[Start of Attachment]

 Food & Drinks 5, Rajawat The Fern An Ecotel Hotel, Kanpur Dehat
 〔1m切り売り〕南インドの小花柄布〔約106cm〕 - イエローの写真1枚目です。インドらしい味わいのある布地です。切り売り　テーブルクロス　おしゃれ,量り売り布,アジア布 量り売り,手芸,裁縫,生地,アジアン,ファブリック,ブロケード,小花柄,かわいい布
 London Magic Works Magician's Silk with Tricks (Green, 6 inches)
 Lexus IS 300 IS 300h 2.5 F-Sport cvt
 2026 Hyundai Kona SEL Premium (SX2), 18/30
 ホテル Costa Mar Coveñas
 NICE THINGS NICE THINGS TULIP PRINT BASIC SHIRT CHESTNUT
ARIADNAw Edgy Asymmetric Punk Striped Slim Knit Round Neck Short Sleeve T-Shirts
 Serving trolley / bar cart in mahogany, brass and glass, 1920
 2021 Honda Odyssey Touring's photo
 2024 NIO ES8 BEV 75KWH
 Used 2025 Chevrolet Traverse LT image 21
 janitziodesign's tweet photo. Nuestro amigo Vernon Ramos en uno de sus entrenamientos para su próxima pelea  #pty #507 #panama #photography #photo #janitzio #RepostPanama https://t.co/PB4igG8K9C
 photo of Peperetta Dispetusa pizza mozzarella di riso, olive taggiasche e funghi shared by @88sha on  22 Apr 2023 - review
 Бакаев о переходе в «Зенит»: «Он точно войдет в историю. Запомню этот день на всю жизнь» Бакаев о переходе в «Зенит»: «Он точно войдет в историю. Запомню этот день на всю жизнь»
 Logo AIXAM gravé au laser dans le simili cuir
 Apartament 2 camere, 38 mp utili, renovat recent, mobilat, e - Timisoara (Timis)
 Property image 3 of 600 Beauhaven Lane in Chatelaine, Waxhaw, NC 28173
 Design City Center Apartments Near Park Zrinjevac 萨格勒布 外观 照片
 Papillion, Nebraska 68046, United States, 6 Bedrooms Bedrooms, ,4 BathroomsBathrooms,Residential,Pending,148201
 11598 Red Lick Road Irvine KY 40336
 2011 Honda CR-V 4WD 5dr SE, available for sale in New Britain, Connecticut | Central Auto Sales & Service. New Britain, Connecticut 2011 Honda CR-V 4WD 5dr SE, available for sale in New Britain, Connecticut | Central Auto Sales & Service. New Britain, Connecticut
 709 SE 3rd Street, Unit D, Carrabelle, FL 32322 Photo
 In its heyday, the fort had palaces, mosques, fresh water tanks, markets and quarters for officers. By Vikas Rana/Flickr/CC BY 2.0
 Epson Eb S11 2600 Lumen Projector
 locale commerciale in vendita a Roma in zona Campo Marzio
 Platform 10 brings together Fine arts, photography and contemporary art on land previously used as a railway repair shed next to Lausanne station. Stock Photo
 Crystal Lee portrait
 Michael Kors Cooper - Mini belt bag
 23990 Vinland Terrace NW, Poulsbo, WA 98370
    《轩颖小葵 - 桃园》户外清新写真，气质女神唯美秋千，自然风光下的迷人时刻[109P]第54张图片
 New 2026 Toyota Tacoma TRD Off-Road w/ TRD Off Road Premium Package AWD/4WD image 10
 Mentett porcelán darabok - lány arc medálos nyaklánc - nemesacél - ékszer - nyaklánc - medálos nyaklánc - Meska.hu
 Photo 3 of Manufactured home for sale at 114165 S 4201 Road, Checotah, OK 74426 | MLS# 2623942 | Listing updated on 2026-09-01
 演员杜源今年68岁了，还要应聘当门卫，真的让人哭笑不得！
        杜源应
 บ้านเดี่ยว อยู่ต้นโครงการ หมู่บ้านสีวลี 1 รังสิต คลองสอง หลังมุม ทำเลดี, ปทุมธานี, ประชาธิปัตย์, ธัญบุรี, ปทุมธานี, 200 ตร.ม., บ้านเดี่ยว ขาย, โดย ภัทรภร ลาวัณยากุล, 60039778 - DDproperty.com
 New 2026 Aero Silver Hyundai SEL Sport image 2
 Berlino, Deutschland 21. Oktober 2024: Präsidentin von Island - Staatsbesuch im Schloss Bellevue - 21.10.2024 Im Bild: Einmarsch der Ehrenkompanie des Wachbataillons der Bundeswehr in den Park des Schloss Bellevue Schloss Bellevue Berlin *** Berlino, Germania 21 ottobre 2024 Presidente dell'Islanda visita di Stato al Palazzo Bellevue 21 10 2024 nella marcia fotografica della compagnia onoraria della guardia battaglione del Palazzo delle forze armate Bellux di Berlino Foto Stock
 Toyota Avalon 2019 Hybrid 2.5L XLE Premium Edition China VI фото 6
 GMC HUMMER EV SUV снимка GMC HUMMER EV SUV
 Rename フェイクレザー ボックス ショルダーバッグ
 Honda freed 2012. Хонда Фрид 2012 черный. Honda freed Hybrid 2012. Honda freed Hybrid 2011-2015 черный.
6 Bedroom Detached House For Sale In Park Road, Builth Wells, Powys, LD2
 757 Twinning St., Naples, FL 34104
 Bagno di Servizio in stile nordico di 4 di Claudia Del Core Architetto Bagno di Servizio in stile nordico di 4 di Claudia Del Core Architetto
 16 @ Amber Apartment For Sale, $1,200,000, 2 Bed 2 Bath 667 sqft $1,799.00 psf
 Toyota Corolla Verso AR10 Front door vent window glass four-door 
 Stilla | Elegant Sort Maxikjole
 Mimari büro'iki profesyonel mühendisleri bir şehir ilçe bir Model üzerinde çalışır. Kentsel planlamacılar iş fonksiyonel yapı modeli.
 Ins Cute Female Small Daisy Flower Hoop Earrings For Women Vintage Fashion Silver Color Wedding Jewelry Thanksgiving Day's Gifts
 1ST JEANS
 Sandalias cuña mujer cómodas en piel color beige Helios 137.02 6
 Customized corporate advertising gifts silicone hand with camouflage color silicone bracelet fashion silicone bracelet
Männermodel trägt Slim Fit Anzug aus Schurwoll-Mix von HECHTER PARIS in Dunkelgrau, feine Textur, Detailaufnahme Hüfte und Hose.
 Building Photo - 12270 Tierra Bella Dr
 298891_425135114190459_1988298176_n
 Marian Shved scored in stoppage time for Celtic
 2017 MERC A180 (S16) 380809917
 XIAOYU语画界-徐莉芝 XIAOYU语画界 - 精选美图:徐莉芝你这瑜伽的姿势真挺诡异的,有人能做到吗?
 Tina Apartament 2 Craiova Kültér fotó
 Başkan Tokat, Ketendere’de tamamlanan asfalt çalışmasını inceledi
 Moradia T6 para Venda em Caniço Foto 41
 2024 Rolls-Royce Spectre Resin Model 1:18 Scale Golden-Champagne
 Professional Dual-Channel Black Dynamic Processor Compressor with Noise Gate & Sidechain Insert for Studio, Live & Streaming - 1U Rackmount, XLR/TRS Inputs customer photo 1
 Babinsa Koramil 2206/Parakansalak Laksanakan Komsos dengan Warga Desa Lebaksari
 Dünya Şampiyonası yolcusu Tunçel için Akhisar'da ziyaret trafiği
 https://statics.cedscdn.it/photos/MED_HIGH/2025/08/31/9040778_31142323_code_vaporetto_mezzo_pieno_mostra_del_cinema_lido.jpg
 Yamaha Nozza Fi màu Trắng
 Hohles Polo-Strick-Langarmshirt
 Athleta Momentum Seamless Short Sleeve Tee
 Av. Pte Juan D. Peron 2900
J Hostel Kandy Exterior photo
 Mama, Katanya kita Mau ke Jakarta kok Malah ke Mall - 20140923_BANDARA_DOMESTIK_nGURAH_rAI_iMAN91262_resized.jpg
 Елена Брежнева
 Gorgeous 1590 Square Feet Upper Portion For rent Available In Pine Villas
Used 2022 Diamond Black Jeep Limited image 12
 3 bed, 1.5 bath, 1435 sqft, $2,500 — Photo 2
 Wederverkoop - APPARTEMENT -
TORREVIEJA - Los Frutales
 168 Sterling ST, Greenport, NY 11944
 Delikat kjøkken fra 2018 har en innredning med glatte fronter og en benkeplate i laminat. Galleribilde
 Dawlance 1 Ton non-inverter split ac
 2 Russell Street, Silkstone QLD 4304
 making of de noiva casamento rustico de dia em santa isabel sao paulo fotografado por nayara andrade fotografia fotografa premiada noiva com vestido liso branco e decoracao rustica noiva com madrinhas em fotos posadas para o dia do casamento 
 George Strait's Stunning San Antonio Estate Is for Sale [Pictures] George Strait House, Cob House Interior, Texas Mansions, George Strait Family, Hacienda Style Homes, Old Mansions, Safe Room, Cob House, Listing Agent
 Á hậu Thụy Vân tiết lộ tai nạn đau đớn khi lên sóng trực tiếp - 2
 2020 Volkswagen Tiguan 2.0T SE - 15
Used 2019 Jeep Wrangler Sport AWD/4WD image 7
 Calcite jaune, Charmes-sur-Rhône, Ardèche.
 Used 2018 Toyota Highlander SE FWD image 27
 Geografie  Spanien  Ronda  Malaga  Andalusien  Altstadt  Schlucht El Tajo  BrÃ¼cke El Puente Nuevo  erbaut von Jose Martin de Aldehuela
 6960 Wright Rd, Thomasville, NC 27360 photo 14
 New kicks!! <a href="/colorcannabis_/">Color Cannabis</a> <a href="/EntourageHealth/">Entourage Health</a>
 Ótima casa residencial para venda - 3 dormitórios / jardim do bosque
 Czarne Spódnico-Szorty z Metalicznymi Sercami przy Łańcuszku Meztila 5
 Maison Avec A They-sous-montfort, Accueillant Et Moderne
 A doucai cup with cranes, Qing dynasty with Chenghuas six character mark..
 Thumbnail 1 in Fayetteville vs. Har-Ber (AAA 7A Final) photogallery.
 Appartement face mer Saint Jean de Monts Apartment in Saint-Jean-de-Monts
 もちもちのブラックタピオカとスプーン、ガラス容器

[End of Attachment]

_WHAT TO WORK ON_
Quote, word for word, every line from the top of the entries through the line that holds "Lexus IS 300 IS 300h 2.5 F-Sport cvt".

_WRITTEN ANSWER_
 Food & Drinks 5, Rajawat The Fern An Ecotel Hotel, Kanpur Dehat
 〔1m切り売り〕南インドの小花柄布〔約106cm〕 - イエローの写真1枚目です。インドらしい味わいのある布地です。切り売り　テーブルクロス　おしゃれ,量り売り布,アジア布 量り売り,手芸,裁縫,生地,アジアン,ファブリック,ブロケード,小花柄,かわいい布
 London Magic Works Magician's Silk with Tricks (Green, 6 inches)
 Lexus IS 300 IS 300h 2.5 F-Sport cvt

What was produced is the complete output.